### Instructions for the task
Once you find the line that contains "Customer photo review" in the entries below, give it again along with every following line, unchanged, through the final one.

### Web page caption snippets

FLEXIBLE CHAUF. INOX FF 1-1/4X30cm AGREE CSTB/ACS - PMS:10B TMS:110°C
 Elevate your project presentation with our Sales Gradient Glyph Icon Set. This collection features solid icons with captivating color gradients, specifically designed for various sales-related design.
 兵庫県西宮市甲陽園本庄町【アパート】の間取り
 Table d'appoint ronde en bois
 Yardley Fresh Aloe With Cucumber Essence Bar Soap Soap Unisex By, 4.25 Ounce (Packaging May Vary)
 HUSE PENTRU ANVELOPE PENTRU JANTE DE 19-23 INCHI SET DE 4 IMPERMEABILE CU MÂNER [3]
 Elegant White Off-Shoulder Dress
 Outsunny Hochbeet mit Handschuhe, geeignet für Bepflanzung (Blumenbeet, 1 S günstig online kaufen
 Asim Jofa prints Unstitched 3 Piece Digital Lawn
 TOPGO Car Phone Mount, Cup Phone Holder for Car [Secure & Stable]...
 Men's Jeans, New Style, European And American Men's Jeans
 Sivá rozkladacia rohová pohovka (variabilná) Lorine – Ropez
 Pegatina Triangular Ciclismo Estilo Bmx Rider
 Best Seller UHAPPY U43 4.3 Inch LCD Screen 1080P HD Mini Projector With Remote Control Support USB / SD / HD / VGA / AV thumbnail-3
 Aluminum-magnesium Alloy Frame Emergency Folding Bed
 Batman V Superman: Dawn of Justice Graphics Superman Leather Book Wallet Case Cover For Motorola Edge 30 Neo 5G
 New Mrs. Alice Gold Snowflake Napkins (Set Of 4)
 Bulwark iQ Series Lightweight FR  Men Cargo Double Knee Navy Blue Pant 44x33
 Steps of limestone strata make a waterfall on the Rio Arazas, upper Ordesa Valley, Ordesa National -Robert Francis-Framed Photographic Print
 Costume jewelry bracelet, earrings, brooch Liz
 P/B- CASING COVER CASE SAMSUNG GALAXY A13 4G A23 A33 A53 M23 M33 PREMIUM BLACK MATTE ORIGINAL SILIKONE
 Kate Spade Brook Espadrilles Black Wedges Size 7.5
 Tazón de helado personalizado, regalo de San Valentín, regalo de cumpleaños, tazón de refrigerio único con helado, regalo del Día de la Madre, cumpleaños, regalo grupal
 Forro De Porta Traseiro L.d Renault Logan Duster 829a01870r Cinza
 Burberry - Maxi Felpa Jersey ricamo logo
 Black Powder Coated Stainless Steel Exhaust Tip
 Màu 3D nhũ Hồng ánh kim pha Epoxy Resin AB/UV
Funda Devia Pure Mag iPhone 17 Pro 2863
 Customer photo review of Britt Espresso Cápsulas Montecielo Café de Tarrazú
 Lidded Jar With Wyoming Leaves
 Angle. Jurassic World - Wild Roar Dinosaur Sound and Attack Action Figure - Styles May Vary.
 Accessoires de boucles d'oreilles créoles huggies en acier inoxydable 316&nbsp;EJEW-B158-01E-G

### Written response
 Customer photo review of Britt Espresso Cápsulas Montecielo Café de Tarrazú
 Lidded Jar With Wyoming Leaves
 Angle. Jurassic World - Wild Roar Dinosaur Sound and Attack Action Figure - Styles May Vary.
 Accessoires de boucles d'oreilles créoles huggies en acier inoxydable 316&nbsp;EJEW-B158-01E-G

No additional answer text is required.